Security9.09.2013

Joburg hacking case: why you may get angry

By Staff Writer

The Police’s Hawks commercial crimes unit confirmed that it is investigating the City of Joburg website security issue which exposed its ratepayers’ personal information.

This news drew sharp criticism from online commentators, saying taxpayers’ money is wasted trying to cover up incompetence.

The security flaw was first reported online on Tuesday, 20 August 2013. The City of Joburg initially said the information about the discovered flaw was helpful to them, but later began to describe the incident as a malicious hack.

The City of Joburg then decided to open a criminal case against the person who “hacked into its billing system”.

It is debatable whether the incident can be described as a hacking. In fact, a security analyst told MyBroadband that the security flaw is a very common mistake made by developers.

He said that the City of Joburg’s security flaw points to a lack of knowledge about online security, sloppy design, and a poor security evaluation of a system.

City of Joburg cover up, argue online commentators

Many online commentators argued that the City of Joburg’s criminal case is merely an attempt to cover up their poor system design and own incompetence, and try to blame it on a “hacker”.

There are also arguments that, rather than opening a police case, the whistle-blower should have been rewarded for highlighting this security flaw.

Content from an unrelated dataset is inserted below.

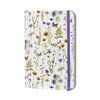 Wildflower Garden Journal (Diary, Notebook)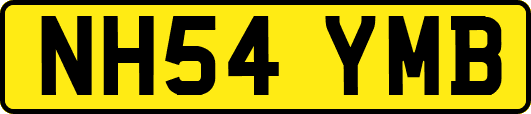 NH54YMB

The whistle-blower, BidorBuy CTO Gerd Naschenweng, first tried to alert the City of Joburg directly, but they were unable to assist. He then turned to MyBroadband to ensure that the problem was addressed.

Trying to stop people from reporting such security flaws means that systems may remain vulnerable for years. It means that cyber-criminals can exploit these flaws, but concerned citizens may not report them to draw attention to the fact that something must be done.

Gerd Naschenweng responds

Naschenweng said that he currently does not have much information about the case. “My legal team has asked CCU for extra information yesterday, and we are unsure when we will get it,” he said.

“We have no insight into the actual complaint, but do know that I seem to be the only person named in the COJ complaint lodged with SAPS,” said Naschenweng.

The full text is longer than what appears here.